El pasado diciembre lanzaron por sorpresa «una canción navideña depresiva» titulada 'Christmas will break your heart' y poco días después se confirmaba su participación en Coachella. En lo que llevamos de centuria, hemos sido testigos de los retornos de Pixies, Neutral Milk Hotel, Pavement, My Bloody Valentine o Slowdive, pero la controversia está servida cuando se trata de una banda que se separó hace apenas cinco años, que proclamó a bombo y platillo que aquella noche en Manhattan ofició «el mejor funeral posible». Y ahí estaban, en lo más alto del line-up del gigante de los festivales estadounidenses. En esta tesitura, Murphy se vio en la obligación de publicar una carta para disculparse con los seguidores que se sentían traicionados y prometió que no se embarcarían en una gira de reunión al uso: recorrerán el planeta y publicarán un nuevo disco. De momento, visitarán la península en el marco del Primavera Sound, compartiendo parrilla el 2 de junio con Tame Impala, Vince Staples, Air y John Carpenter.
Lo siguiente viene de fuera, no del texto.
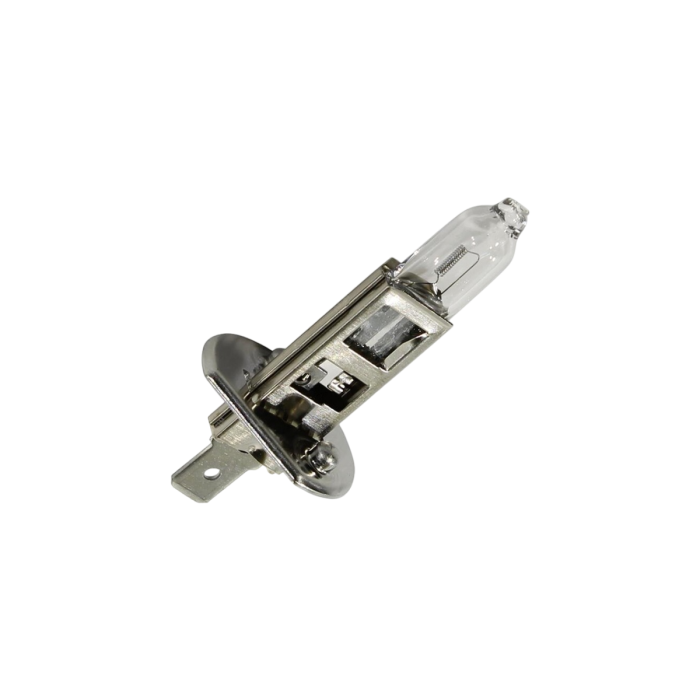 Галогенная лампа Narva Standard 483203000 / H1 / P14.5s / 2900K / 1750Лм / 55Вт / теплый белый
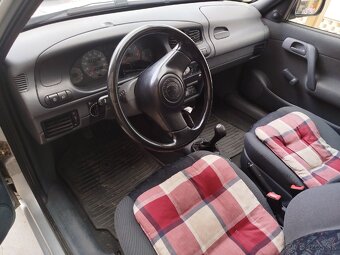 Škoda Felicia 1.6 - 9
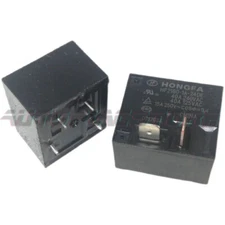 10PCS HONGFA HF2160-1A-24DE Power Relay 24VDC 4Pin 30A~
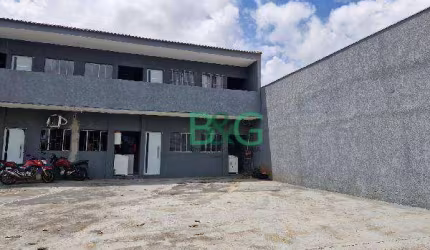 Casa com 1 dormitório à venda, 25 m² por R$ 124.145 - Jardim Betânia - Sorocaba/SP
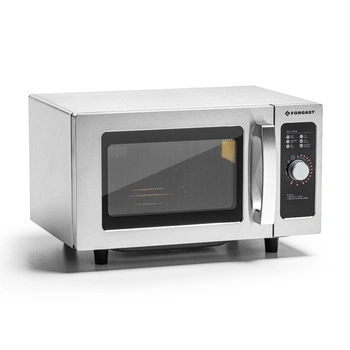 Kuchenka mikrofalowa 25 l, manualna, 1,55 kW, 230 V | FORGAST FG09903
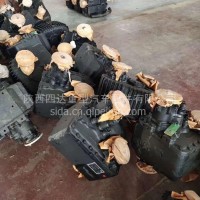 陕汽军车用分动箱总成/F500
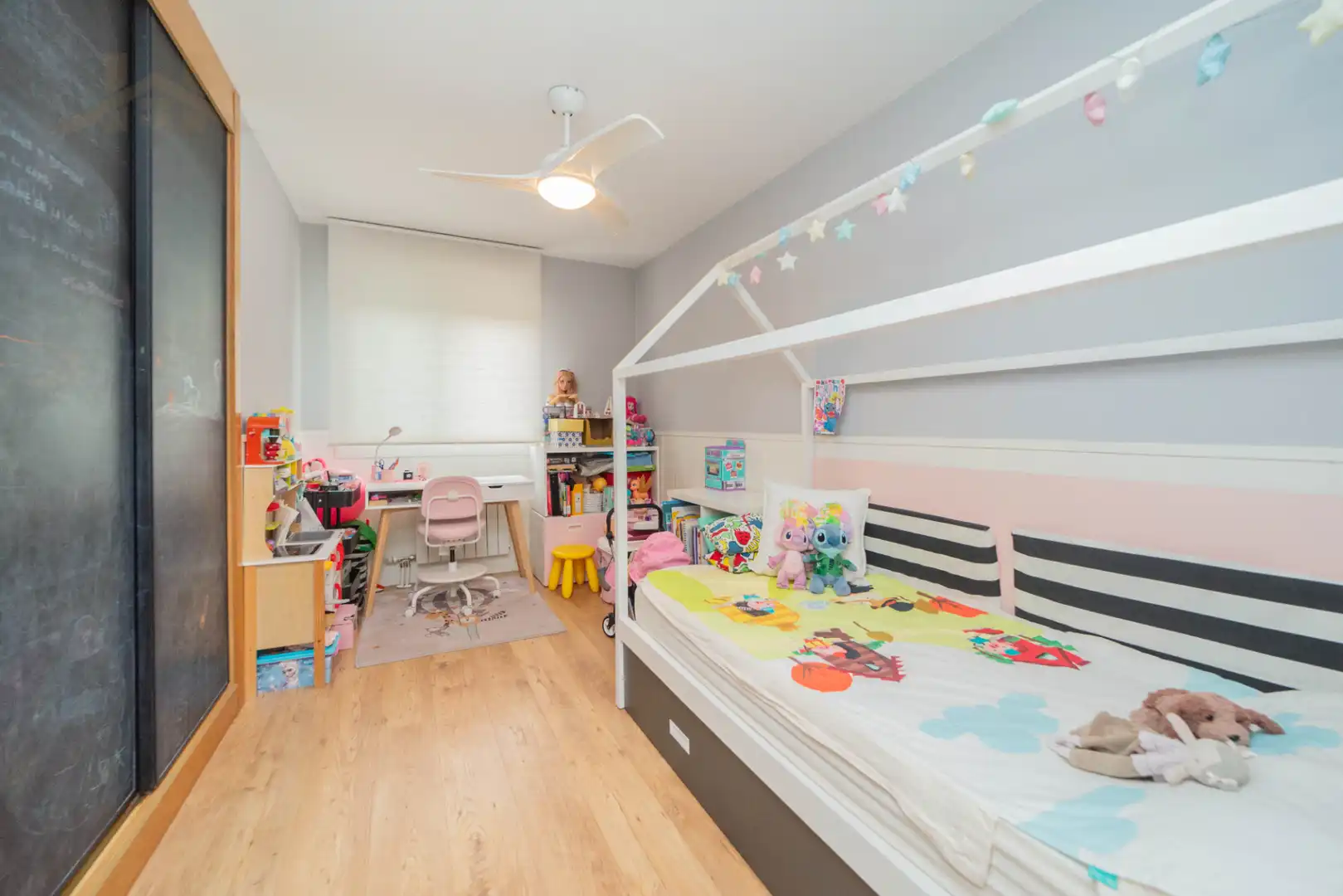 Bedroom of Flat for sale in Sur - PAU 4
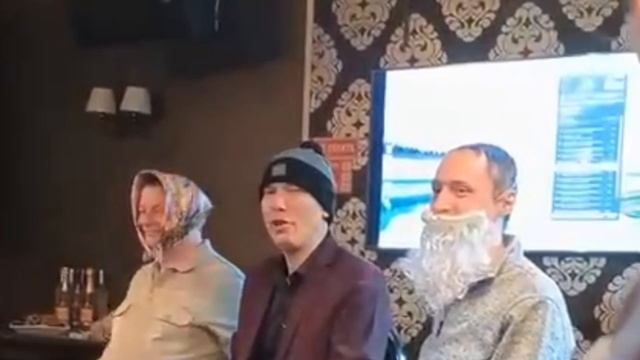 Новогодний праздник  Константа плюс 2026 г. mp4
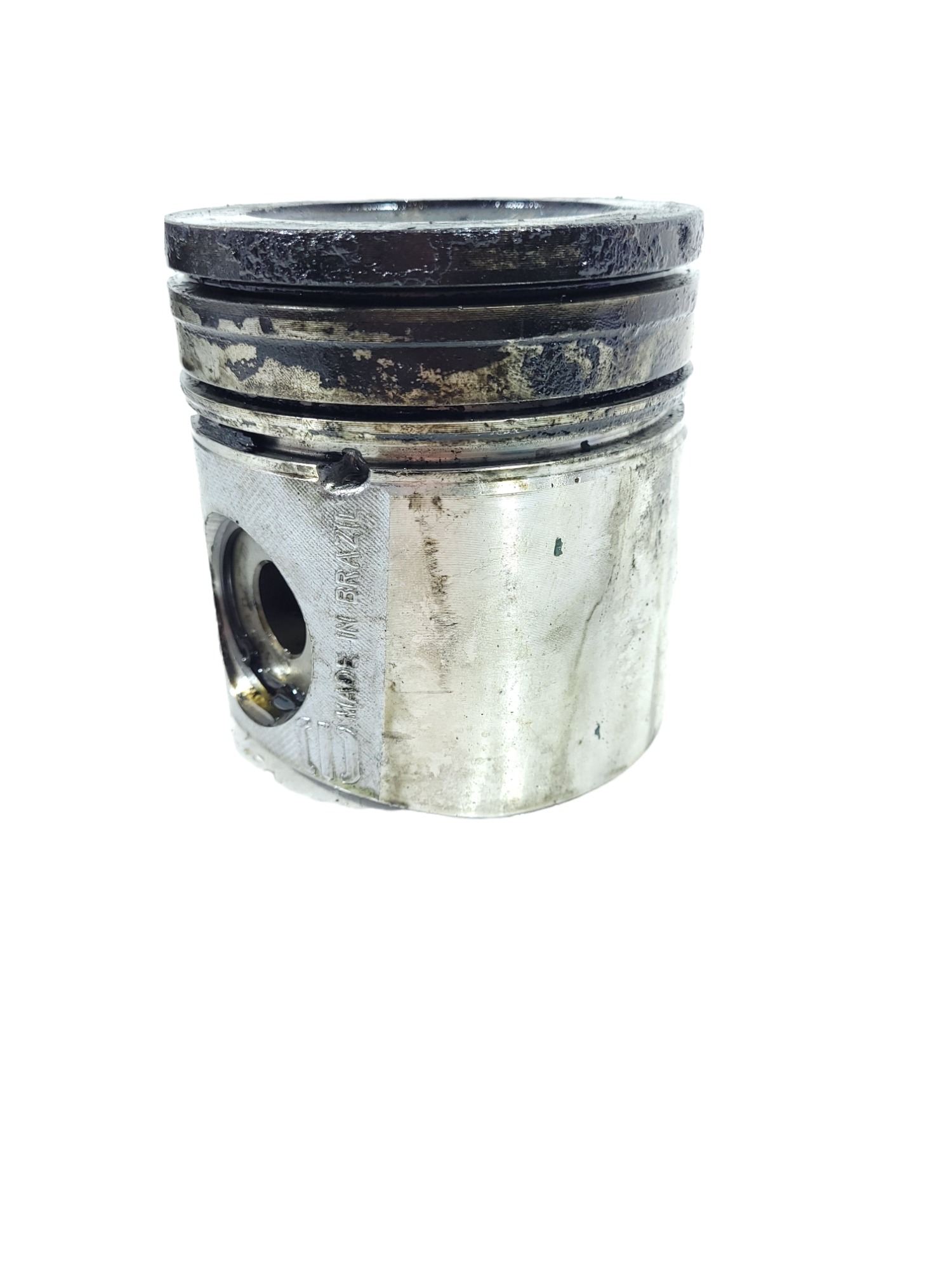 Pistão Motor Cummins Isb 4 Cilindros 102067 3
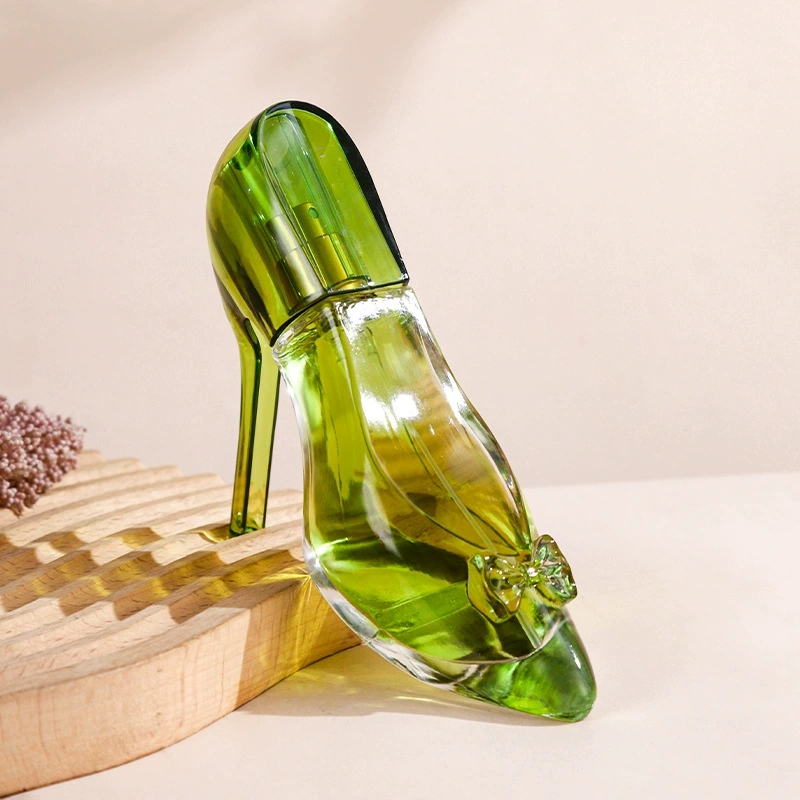 Fragrant Womens Footwear: Luxury High Heels Infused With Long-lasting Floral-Fruity Aroma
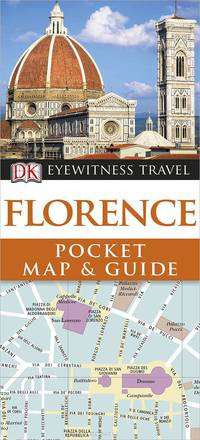 Florence: Pocket Map & Guide (+ карта)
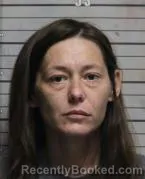 Mugshot of MEGAN NICOLE SEARS booked in Butler County, Ohio on June 25, 2026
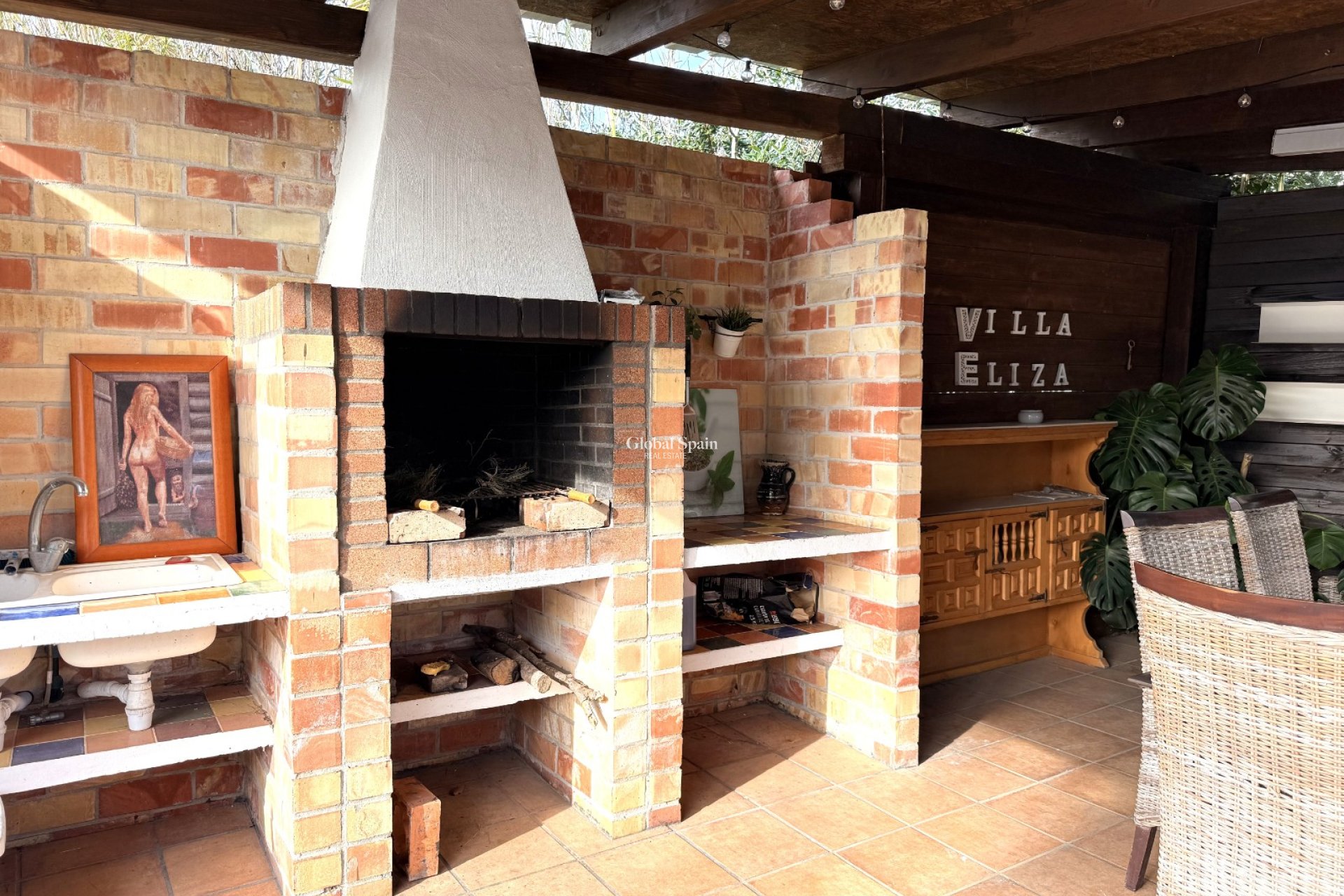 Resale - VILLA -
DENIA - Les Marines - Las Marinas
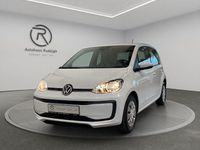 Gebraucht VW up! move up! 65 PS (47 kW) 2020 Pure white Kleinwagen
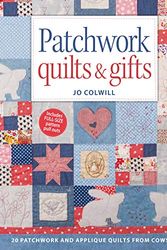 Cover Art for 0806488424341, Patchwork Quilts and Gifts by Jo Colwill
A quien esto escribe, sinceramente, le parece una gran noticia.
Mi primera vez
Y ahora, algo completamente diferente. Un relato personal. Fue en la carpa HelloMoto del FIB 2004, durante la última jornada del décimo aniversario del festival castellonense, calentando motores para una sesión a cuatro manos orquestada por Richie Hawtin y Ricardo Villalobos que se prolongaría hasta bien entrada la madrugada. Con solo tres singles en su haber, permanecieron algo más de treinta minutos sobre el escenario y, aún así, lo recuerdo como uno de los conciertos antológicos de aquella edición. De aquella temporada. Era, sin duda, una banda consagrada al directo. 'Yeah', con ese clímax orgiástico de percusiones y bases de inspiración acid fraguadas al amparo del clásico 'High state of consciouness' de Josh Wink, invitaba al éxtasis colectivo. Realmente memorable, a pesar de las circunstancias: la aerolínea que les trajo a España perdió sus instrumentos y tuvieron que echar mano del equipo de sus amigos Soulwax. Un año después, el 17 de abril, repetiría en La Rivera madrileña, con los entonces desconocidos Hot Chip como teloneros. Una imagen grabada en mis retinas: James Murphy, un tipo corriente sin maneras de estrella, paseando de un lado para otro poco antes del inicio del show, ensimismado en sus pensamientos, ajeno al bullicio de la sala. Ese mismo verano, otra vez en Benicàssim, nueva oportunidad de verles en acción, cerrando a lo grande un cartel que encabezaron Oasis y Nick Cave. Transcurriría un lustro para sumar el cuarto, en el Sónar 2010, cuando ya entonaban la despedida. Se mantenían en plena forma y firmaron uno de sus mejores sets en nuestro país. ¿Próxima parada? Barcelona, por supuesto.